12. Il résulte de tout ce qui précède que la requête de la SCI Madopa Beausoleil doit être rejetée en toutes ses conclusions. Il y a lieu dans les circonstances de l’espèce de mettre à la charge de la commune des Sables d’Olonne une somme de 1 500 euros au titre de l’article L. 761-1 du code de justice administrative.
D E C I D E :
Article 1er : La requête de la SCI Madopa Beausoleil est rejetée.
Article 2 : La SCI Madopa Beausoleil versera à la commune des Sables d’Olonne la somme de 1 500 euros au titre de l’article L. 761-1 du code de justice administrative.
Article 3 : Le présent jugement sera notifié à la SCI Madopa Beausoleil, à la commune des Sables d’Olonne et au préfet de la région Pays-de-la-Loire, préfet de la Loire-Atlantique.

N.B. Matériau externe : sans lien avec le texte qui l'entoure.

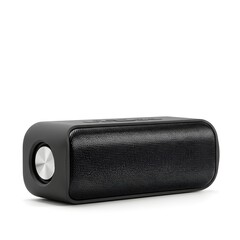 Naklejka premium A modern black portable wireless bluetooth speaker for music and audio, isolated on a clean white background with a metallic silver button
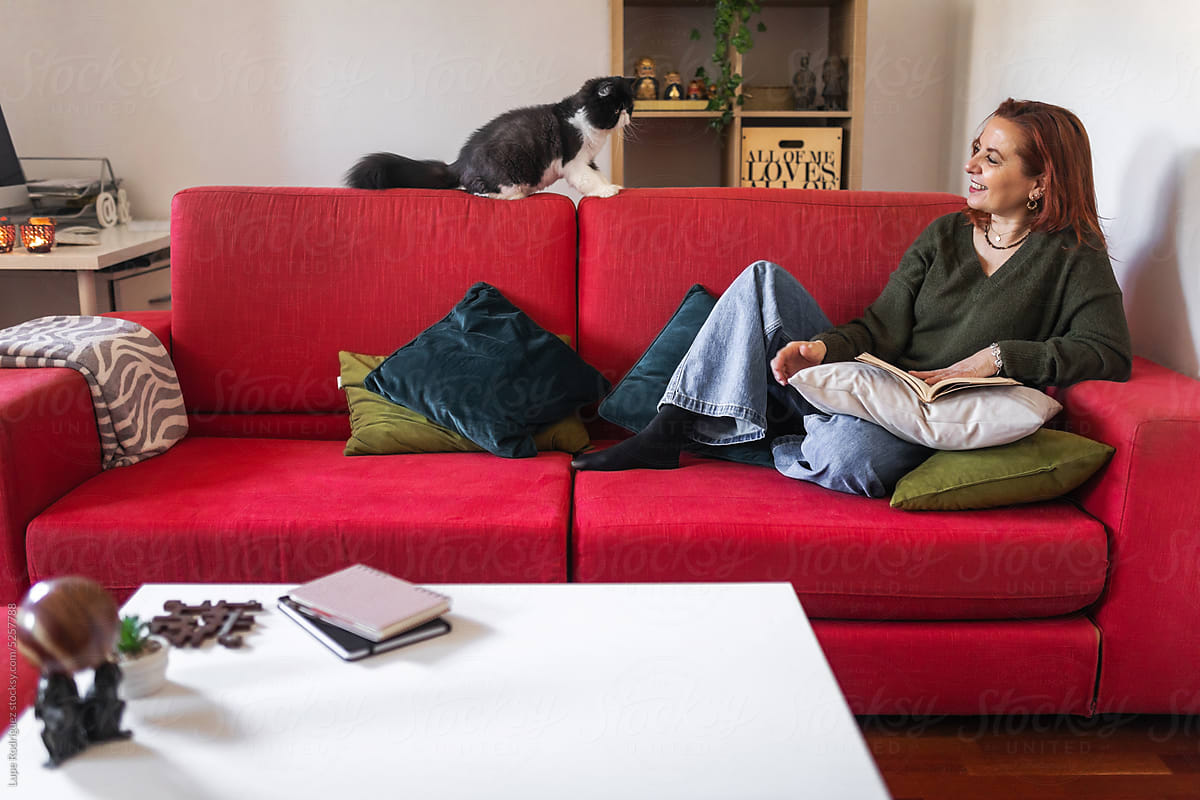 mature woman with her persian cat reading a book at home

Délibéré après l’audience du 17 décembre 2024, à laquelle siégeaient :
Mme Douet, présidente,
Mme Thomas, première conseillère,
M. Brémond, premier conseiller.
Rendu public par mise à disposition au greffe le 14 janvier 2025.
La rapporteure,
S. THOMAS
La présidente,
H. DOUETLa greffière,
L. LÉCUYER
La République mande et ordonne au préfet de la Vendée en ce qui le concerne ou à tous commissaires de justice à ce requis en ce qui concerne les voies de droit commun contre les parties privées, de pourvoir à l’exécution de la présente décision.